Le borgne et le manchot :

Deleuze en revient à Dumézil. Aux mythologies scandinaves et germanique qu'on retrouve chez les Romains. "Odin le borgne et Tyr le manchot  [sont] les deux pôles de la souveraineté politique... De son œil unique, le dieu borgne est celui qui, dans les mythologies, émet les signes à distance, qui, avec un signe, frappe de stupeur. Il surgit. Son œil clignote, c'est la stupeur. C'est le signifiant. Le manchot, c'est l'homme du travail... Celui qui n'a qu'une main est en même temps le directeur de ceux qui ont toutes sortes de mains. Voilà que l'homme d'État est une espèce de mutilé, mais le travailleur aussi est une espèce de mutilé." Puis Deleuze évoque Abeilles de verre, roman d'Ernst Jünger où l'auteur écrit : "vous comprenez, dans le travail, on a l'habitude de croire qu'il y a des accidents du travail, et c'est vrai, mais bien plus profondément, ce qui est terrible dans le travail, c'est que la mutilation précède l'accident." Ce détour par les mythologies nous permet quelques lucidités sur ce premier quart du vingt-et-unième siècle. Les grands dirigeants du monde, avec ou sans tics faciaux, sont des borgnes qui multiplient leurs signes sur les écrans. Cependant que les grands entrepreneurs, souvent sans visage, organisent, et pas seulement dans les pays dits émergents, la mutilation qui précède le surtravail. 

Deleuze aborde bien d'autres sujets dans ce premier cours, dont les phénomènes de propriété privée et d'économie monétaire et marchande qui ont participé à la formation des appareils d'État.

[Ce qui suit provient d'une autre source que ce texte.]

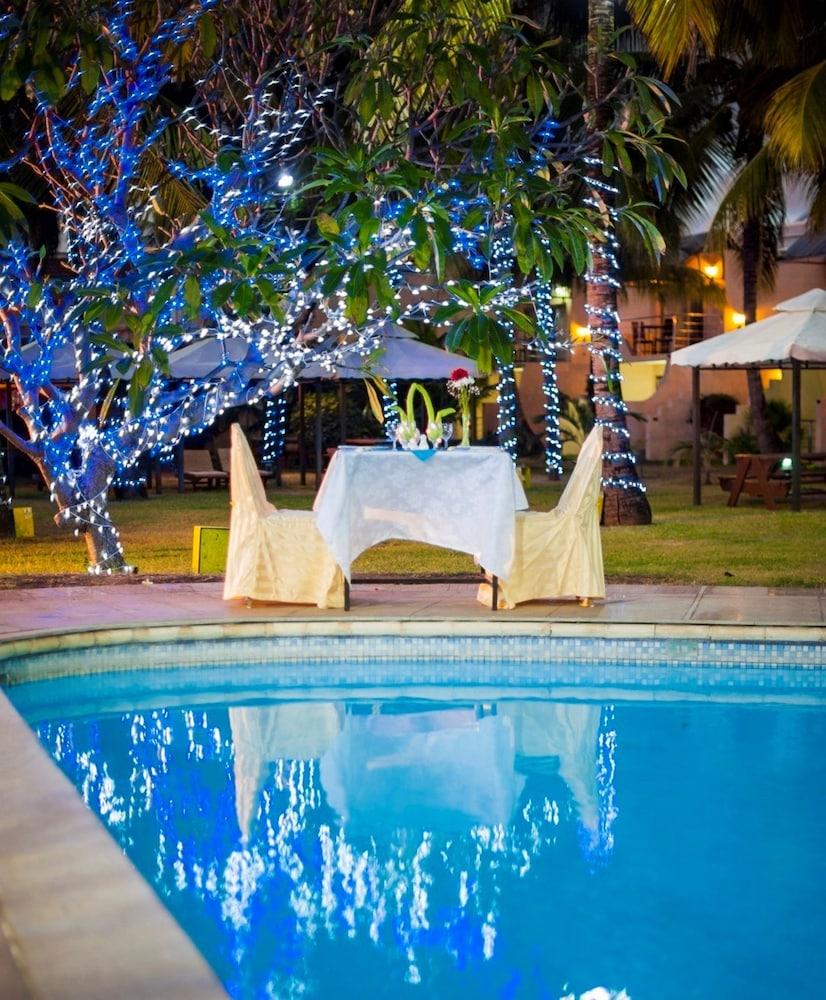 Manisa Hotel Flic-en-Flacq Εξωτερικό φωτογραφία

Mais mes capacités de restitution s'épuisent comme une pile prématurément usée. La pensée de Deleuze est une fontaine parfois changée en cascade avec mille et un ricochets qui étoilent les signes et les sens. Pour le deuxième cours, qui narre la structuration des premières communautés agricoles avec la nécessité de l'ingénierie hydraulique au service du surplus et de la rente, je mettrai ici surtout des extraits. 

Sur l'appareil d'État et la machine de guerre de Gilles Deleuze est publié aux éditions de Minuit à l'occasion du centenaire de sa naissance. L'ouvrage, préparé par David Lapoujade compte 487 pages et coûte 27 €.